Annex A: Global Examples of AI-Driven Personalized Learning for Literacy and Numeracy

EkStep AXL – Assisted Language and Math Learning (India)

EkStep’s AXL platform applies AI to the dual challenge of classroom heterogeneity and teacher workload. It combines a teacher assistant, which helps group students by learning level and recommend activities, with a student assistant, a conversational interface that provides level-appropriate exercises in local languages. Pilots in over 5,000 schools in Telangana and Karnataka cover several hundred government schools and are integrated with the national Sunbird/DIKSHA digital-public-infrastructure backbone. Teachers report that AXL simplifies classroom differentiation and that students, especially those in lower grades, engage more confidently with interactive, judgment-free practice.
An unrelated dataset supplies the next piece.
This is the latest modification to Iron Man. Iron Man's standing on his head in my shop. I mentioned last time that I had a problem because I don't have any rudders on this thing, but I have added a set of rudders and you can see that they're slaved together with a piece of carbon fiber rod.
Although independent impact evaluations are still limited, AXL’s design—teacher-centered, open-architecture, multilingual, and privacy-conscious—illustrates how AI can scale proven approaches such as Teaching at the Right Level within public-school systems. Its open-source model also lowers barriers for state adaptation and local content creation.

Wadhwani AI – Oral Reading Fluency (Gujarat, India)
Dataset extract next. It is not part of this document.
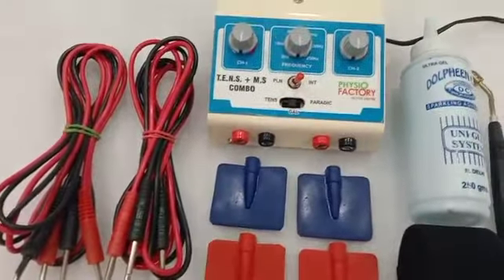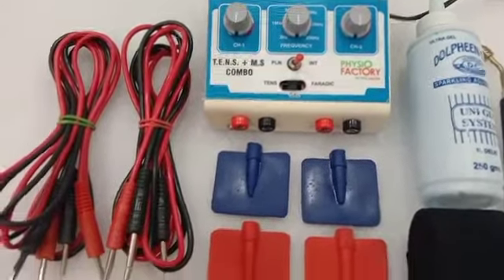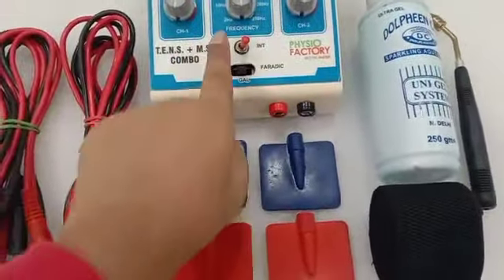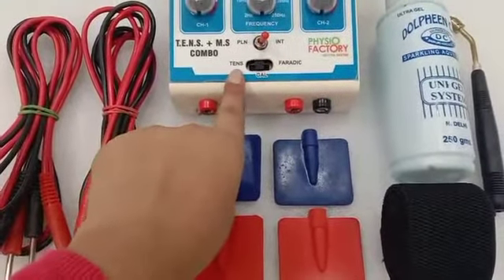You can carry it for home visits. It's about 1 kg. There are two channels — channel 1 and channel 2. This is the frequency area. There are two current modes: plain and intermittent.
Wadhwani AI’s Oral Reading Fluency (ORF) tool automates the labor-intensive task of assessing how well children can read aloud. Using speech recognition tailored to Indian languages and background-noise conditions, the tool records a student reading a short passage and instantly measures accuracy, speed, and error types. Teachers receive immediate feedback and digital reports, replacing manual checklists that can only be done infrequently. Since its launch, the system has been deployed across all 33 districts of Gujarat, reaching over 30,000 schools and completing more than six million assessments. Early field evidence suggests that frequent, low-burden diagnostics help teachers identify struggling readers faster and focus on remedial attention where it is most needed. While formal evaluations of learning outcomes are ongoing, the Gujarat experience demonstrates how AI can convert a paper-based, irregular process into a routine, data-driven element of classroom practice—an essential foundation for any personalized reading intervention.

Alpha School and the TimeBack System (United States)

Alpha School, a network of private schools in the United States, experiments with AI to compress formal instruction into what it calls a “two-hour school day.” Its proprietary TimeBack system monitors student engagement in real time—detecting when learners switch tasks, pause for too long, or drift off-task—and issues prompts that nudge them back to focus. Combined with adaptive learning apps for math, language, and science, this creates a continuous feedback loop that manages both content and attention. Internal reports claim that Alpha students’ progress at roughly twice the national rate, though independent verification is pending. The approach demonstrates how AI can optimize learning time and maintain motivation, not merely personalize content delivery. At the same time, it raises important questions about privacy, data use, and the cultural fit of attention-tracking tools in more constrained or lower-resource environments.